Lyft does not currently operate outside of the US and Canada.  

A Deliveroo spokesperson stated: “Deliveroo has always said that we want to offer riders full flexibility and more security.  

“This uncertainty is precisely why we have called for a change to the law to ensure that riders can benefit from the flexibility they want while receiving the benefits they deserve.”  

Implications for the gig economy 

Ultimately, Uber itself acknowledged that this move is likely to have a wider impact on the ride hailing and the broader global gig economy.

Heywood noted in a statement: “Uber is just one part of a larger private-hire industry, so we hope that all other operators will join us in improving the quality of work for these important workers who are an essential part of our everyday lives.”  

Thorpe notes that the Uber case will have significant implications not only for Uber, but for other “atypical working arrangements” operating in the flexible, gig economy.

The supreme court has demonstrated its interest in “getting to the specifics” of working relationships between gig workers and their employers.  
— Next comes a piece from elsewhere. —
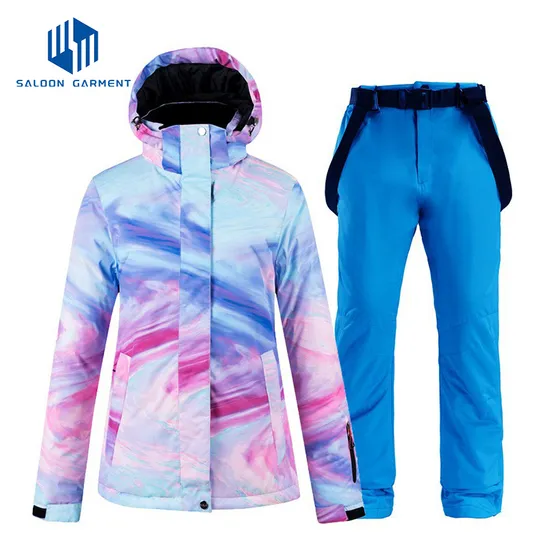 Women Winter Outdoor Waterproof Breathable Ski Snowboarding Snow Suit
However, MBO Partners UK business development director Mark Stringer thinks Uber’s move needs to be treated as a specific case; “this case just drives the point home that businesses need to utilize the gig economy in the correct manner with the correct assessment process in place.”

Gig working remains in demand 

Stringer also notes that although the classification of workers is a “hot topic,” “we shouldn’t forget that the flexible use of highly skilled resources will continue to be in demand”.  

Frankly, the gig economy isn’t going anywhere, despite this ruling.  

Flexibility continues to be of benefit to huge swathes of the workforce. As a result, freelance marketplace Voices.com CEO David Ciccarelli notes that he does not believe companies are keen to convert their freelance outsourcing to employees.  

Instead, he believes that the future of work is both remote and freelance. This view is backed up by Voices.com’s 2021 annual report, which found that 43% of businesses surveyed were planning to use more freelancers in the next five years, and 24% planned to use the same amount of freelancers.   

HR tech expert and Society for Human Resource Management Foundation board member Edie Goldberg agrees: 

“Most ride-share drivers and others in the gig economy engage in this work because they want personal control of when and how they work.”  

Despite this positive trend, the debate about the legal status and protections of gig workers is far from over. Uber is likely to be back in the courts again as further legal challenges are planned linked with its failure to offer quite what the supreme court ordered. 

Also, as Deliveroo gears up for a $9bn IPO, a spotlight is shining on the treatment of its riders, as well as their low wages, following an investigation by the Bureau of Investigative Journalism. Watch this space.